This suggests that ordinary Americans may be willing to defer to an idealized reflection mechanism, even when they have strong object-level moral disagreements. This indicates that people would likely support aligning AIs to the results of some reflection mechanism, rather than people’s current moral beliefs.


Optimistically, a solution to the technical alignment problem will allow us to align an AI to “human values.” This naturally raises the question of what we mean by this phrase. For many object-level moral questions (e.g. “is abortion immoral?”), there is no consensus that we could call a “human value.” When lacking moral clarity we, as humans, resort to a variety of different procedures to resolve conflicts both with each other (democracy/​voting, debate) and within ourselves (read books on the topic, talk with our family/​religious community). In this way, although we may not be able to gain agreement at the object level, we may be able to come to a consensus by agreeing at the meta level (“whatever democracy decides will determine the policy when there are disagreements”); this is the distinction between normative ethics and meta-ethics in philosophy. We see the meta question of value choice as being relevant to strategic decisions around AI safety for a few reasons.

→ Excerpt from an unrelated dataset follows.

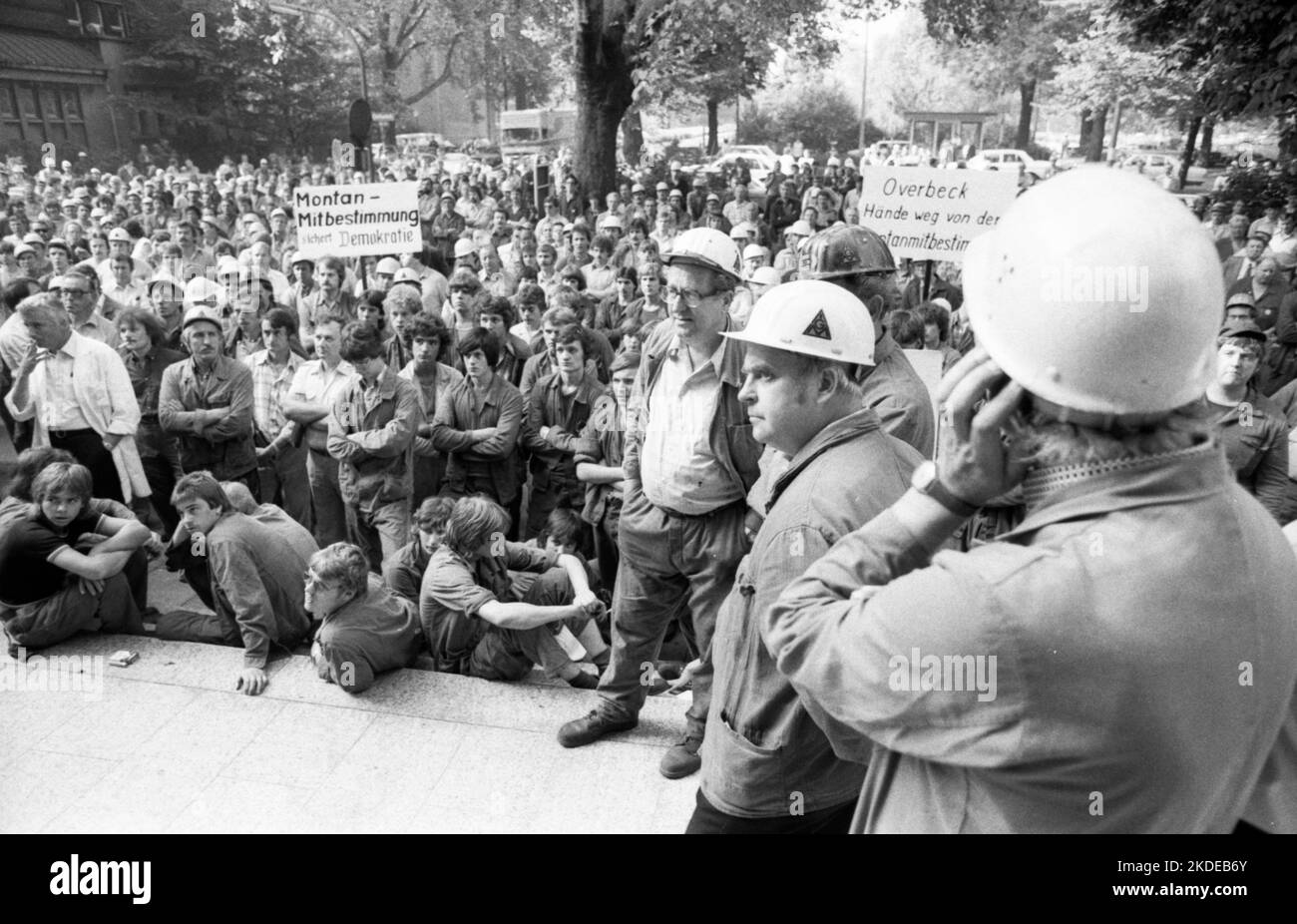 Warnstreik der IG Metall bei der Hoesch AG Westfalenhütte zur Aufrechterhaltung der Mitbestimmung am 29.07.1980 in Dortmund Stockfoto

First, understanding people’s preferred conflict resolution mechanisms could be relevant for strategic decisions around AI governance and governance in general. Specifically, we want to avoid arms race conditions so that responsible labs have adequate time to ensure the safety of human-level AI. We feel that the ability to avoid race conditions could be strongly influenced by people’s broad ability to agree on metaethics. In particular, people should be less likely to fight for control of AI if they trust that AI builders will produce a system that reflects their (potentially-meta level) values. Understanding people’s expressed meta-ethics will therefore hopefully inform what types of governance structures are most likely to avoid race conditions.

Additionally, understanding people’s preferred deliberation methods might be useful for framing AI work to the public and getting broad support to avoid race conditions. Finally, we want AI to actually broadly reflect people’s values. Given that people have widely varying beliefs on contentious object-level moral topics, perhaps we can at least hope that they will agree on the proper mechanisms to find good outcomes.

Key findings

We surveyed ~1000 US citizens on various contentious object-level moral questions and mechanisms to resolve moral disagreements.

The study was run on Positly, which takes care of getting high-quality data, e.g. by using attention checks and looking for demographic representativeness among participants (see Appendix D). We randomized the order of possible answers to remove biases caused by ordering. We allowed for free-text answers in early versions of the questionnaire and made sure the participants understood the questions. A more detailed explanation of the methodology can be found in Appendix A. You can click through the questionnaire yourself here and find the exact wordings of all questions in Appendix C. Respondents were not nationally representative (see Appendix D).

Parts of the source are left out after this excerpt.